И ей пришлось уйти после того, как очередное потрясение от увиденного лишило ее чувств. Настоятельница монастыря, в котором размещен был госпиталь, хотя и деликатно, но в достаточно ясных выражениях дала ей понять, что не считает нужным отвлекать опытных сиделок от страдальцев, лишь затем, чтобы приводить в сознание чрезмерно впечатлительных девиц.
– Ты лучше вместе с нами возноси молитвы, сестра, – напутствовали ее монахини. – Молись и о душах усопших, помогай их обездоленным семьям.
Да, просить у Всевышнего милосердия! Это все, что она была в силах делать.
Алевтина вскочила с кровати и не чувствуя прохлады половиц под босыми ногами, подбежала к иконе Богоматери. Опустилась на колени, вглядываясь в темный лик, почти неразличимый в в слабом, подрагивающем пламени лампады. И надолго застыла так, пытаясь подавить нарастающее смятение.
– Господь Всемогущий, Отче наш, – шептала она, молитвенно сжав на груди ладони, – Спаси, избавь нас от этой напасти.
Она непроизвольно всхлипнула.
– Сделай так, чтобы следующий день никогда не наступал.
На востоке, сквозь полуприкрытые ставни окон, белела на горизонте полоска света занимающейся зари.
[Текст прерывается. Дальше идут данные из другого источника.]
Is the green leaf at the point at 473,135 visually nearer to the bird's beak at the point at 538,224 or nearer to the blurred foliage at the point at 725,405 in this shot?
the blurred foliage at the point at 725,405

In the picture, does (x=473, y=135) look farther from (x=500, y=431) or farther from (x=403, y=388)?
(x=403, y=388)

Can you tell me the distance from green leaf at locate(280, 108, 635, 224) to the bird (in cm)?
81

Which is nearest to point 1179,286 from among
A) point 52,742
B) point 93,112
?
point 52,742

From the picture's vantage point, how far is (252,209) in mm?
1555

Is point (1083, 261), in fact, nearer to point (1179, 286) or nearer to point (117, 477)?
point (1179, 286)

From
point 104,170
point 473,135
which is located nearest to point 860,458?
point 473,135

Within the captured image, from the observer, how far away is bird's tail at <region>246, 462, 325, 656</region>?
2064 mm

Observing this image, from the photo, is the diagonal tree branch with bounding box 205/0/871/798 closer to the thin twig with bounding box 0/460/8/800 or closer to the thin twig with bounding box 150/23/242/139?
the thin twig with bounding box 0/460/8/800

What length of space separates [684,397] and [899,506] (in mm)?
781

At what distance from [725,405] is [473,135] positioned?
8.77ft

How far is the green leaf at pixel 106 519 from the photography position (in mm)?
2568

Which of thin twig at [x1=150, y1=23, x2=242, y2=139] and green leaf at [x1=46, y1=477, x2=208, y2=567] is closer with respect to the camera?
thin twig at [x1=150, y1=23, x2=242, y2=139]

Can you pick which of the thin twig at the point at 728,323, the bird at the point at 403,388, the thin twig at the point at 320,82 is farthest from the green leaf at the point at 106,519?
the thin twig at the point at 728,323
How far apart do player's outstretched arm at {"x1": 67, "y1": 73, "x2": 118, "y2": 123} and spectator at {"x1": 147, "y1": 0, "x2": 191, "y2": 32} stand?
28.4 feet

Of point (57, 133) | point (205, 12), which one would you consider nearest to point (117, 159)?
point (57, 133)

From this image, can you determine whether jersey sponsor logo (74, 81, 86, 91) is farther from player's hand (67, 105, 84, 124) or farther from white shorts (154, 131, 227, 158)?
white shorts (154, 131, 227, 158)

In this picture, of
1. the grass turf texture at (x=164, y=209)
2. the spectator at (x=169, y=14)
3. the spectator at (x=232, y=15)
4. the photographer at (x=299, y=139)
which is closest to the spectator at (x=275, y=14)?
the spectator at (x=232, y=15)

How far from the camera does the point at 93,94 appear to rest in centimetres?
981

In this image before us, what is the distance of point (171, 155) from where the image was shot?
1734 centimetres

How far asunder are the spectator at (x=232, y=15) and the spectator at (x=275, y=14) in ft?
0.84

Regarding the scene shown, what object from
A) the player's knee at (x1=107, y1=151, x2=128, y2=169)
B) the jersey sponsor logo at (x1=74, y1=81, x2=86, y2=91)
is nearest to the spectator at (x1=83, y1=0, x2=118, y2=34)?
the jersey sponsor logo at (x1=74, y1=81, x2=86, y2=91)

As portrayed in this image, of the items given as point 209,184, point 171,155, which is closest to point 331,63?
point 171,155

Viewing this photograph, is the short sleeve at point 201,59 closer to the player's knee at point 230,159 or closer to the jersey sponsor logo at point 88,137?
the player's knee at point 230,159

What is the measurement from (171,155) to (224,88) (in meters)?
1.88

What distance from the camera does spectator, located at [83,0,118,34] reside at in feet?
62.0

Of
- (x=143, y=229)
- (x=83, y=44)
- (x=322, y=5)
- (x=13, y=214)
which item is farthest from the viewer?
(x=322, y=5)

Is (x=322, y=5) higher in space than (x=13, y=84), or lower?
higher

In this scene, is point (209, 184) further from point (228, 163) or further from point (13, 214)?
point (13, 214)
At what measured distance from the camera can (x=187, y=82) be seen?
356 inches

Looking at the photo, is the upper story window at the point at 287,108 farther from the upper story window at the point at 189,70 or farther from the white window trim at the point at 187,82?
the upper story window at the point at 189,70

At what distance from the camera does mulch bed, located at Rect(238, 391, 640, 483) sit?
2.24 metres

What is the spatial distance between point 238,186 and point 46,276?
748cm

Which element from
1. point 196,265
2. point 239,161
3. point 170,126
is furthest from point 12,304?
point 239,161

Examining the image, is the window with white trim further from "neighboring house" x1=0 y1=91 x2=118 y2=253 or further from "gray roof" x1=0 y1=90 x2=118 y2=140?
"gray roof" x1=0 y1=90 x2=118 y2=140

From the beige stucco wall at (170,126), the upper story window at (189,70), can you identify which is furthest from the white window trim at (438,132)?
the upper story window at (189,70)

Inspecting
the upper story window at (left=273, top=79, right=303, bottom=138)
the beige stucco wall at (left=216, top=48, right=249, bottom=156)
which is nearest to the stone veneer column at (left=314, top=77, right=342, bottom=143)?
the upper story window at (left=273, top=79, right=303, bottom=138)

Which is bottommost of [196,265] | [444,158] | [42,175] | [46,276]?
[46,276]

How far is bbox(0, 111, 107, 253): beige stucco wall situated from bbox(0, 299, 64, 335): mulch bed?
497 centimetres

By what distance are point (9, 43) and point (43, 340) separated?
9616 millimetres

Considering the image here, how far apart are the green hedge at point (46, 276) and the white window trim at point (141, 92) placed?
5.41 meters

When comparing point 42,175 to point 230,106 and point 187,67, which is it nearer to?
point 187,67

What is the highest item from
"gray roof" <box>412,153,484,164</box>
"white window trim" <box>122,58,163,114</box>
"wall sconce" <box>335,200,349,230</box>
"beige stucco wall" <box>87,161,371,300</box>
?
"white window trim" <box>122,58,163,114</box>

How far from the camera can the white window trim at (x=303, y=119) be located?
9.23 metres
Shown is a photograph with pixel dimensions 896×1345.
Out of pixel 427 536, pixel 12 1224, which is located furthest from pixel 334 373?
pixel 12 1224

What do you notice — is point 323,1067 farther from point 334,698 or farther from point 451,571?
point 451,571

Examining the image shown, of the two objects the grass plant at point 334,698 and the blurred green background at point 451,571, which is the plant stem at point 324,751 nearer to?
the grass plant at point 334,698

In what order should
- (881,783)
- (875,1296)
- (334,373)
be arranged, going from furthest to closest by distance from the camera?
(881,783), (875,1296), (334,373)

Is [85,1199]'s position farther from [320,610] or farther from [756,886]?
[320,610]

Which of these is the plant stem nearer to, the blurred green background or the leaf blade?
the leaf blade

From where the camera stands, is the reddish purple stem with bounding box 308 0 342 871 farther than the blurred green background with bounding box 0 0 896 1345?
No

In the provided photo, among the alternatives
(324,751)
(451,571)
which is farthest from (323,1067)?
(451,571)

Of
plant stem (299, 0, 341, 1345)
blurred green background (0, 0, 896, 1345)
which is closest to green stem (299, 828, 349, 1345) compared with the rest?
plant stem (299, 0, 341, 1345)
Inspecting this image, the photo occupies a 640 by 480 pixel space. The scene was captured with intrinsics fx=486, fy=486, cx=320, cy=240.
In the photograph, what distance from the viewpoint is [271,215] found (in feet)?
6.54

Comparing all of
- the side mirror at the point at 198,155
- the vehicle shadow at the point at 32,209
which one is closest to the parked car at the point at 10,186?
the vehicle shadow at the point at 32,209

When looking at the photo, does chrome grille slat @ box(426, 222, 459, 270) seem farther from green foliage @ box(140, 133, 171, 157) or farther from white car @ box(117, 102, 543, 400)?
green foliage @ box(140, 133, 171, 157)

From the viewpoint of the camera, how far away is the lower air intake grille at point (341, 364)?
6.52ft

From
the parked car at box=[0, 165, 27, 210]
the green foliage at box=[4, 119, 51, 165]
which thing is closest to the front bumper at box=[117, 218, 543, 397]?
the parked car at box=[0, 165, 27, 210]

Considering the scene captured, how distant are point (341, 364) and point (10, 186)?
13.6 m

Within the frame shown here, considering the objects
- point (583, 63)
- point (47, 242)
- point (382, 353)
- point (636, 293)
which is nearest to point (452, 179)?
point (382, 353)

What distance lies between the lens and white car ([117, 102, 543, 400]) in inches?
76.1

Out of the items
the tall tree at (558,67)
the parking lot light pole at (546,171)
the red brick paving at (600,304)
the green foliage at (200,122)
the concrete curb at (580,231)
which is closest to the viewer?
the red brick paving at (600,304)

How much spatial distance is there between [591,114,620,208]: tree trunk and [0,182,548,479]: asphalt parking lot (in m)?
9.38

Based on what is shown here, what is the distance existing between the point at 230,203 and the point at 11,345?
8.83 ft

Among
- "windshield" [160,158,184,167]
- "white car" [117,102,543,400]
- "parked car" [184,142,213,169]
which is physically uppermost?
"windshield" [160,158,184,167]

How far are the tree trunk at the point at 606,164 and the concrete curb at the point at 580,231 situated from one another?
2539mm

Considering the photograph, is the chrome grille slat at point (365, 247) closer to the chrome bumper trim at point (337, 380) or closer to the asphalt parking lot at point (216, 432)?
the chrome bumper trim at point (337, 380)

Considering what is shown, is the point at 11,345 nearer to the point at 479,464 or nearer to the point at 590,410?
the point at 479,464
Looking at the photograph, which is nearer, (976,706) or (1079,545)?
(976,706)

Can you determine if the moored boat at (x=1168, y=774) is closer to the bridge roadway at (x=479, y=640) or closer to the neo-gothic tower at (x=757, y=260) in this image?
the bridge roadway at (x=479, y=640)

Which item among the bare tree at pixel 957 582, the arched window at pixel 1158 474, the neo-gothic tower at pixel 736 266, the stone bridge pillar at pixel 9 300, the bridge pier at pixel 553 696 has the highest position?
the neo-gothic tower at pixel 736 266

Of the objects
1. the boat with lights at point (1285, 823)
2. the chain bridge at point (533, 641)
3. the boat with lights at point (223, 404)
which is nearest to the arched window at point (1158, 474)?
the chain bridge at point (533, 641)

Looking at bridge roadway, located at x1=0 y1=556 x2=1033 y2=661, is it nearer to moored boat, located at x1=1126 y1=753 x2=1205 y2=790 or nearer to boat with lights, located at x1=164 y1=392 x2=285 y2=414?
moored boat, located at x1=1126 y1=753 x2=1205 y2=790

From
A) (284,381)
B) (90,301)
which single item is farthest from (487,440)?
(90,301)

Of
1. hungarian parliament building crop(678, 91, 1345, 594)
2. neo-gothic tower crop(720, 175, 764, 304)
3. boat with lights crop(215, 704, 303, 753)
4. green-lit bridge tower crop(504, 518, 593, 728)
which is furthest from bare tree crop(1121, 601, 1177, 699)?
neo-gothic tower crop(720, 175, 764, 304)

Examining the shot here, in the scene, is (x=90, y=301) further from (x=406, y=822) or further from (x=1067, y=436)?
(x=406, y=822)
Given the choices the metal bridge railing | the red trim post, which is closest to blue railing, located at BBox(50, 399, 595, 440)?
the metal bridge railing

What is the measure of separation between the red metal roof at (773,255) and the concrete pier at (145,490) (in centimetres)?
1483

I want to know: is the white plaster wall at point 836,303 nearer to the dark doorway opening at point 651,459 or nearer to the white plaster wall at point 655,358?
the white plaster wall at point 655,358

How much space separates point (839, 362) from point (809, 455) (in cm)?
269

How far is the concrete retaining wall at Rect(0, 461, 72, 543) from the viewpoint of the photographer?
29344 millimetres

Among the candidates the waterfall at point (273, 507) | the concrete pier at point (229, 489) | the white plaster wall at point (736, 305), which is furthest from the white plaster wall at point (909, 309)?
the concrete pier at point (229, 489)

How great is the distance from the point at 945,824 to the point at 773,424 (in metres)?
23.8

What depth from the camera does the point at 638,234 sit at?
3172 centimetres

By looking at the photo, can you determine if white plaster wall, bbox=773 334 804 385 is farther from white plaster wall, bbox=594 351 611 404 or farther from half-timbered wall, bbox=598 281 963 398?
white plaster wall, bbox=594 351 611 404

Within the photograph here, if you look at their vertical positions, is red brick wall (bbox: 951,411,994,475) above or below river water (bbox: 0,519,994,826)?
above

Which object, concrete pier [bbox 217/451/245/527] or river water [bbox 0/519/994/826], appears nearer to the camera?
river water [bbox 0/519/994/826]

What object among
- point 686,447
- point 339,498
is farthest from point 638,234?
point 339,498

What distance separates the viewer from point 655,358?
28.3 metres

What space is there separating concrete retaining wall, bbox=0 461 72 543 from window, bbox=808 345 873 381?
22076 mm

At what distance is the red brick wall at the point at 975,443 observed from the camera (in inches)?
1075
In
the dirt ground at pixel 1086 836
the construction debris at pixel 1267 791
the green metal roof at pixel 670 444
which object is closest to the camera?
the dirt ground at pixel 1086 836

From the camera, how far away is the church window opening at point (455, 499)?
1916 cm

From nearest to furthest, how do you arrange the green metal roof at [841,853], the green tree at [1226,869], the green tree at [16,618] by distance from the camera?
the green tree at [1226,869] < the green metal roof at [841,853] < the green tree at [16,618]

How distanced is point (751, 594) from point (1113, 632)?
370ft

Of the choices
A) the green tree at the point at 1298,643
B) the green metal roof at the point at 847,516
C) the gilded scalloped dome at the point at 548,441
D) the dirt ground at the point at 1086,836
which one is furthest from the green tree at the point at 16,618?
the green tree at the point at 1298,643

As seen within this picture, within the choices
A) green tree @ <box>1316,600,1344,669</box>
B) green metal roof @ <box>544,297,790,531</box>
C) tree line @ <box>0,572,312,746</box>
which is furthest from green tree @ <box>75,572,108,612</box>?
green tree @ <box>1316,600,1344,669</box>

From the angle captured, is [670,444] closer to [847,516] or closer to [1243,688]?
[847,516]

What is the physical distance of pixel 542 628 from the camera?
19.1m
– Переселение народов представляется мне процессом по большей части стихийным. И в это слово я вкладываю почти буквальный смысл. Подобно волнам от брошенного в воду камня, потоки миграции распространяются во все стороны и одна волна переселенцев нагоняет, давит, теснит предыдущую. Там, где возможность свободного продвижения ограничена естественными причинами – берега Великого океана, непроходимые горы, безводные пустыни или вечный холод северных земель – миграция останавливается или идет вспять, в обратном направлении. Если подобных причин нет, народы устремляются вперед, до тех пор, пока не иссякнет их поступательная энергия.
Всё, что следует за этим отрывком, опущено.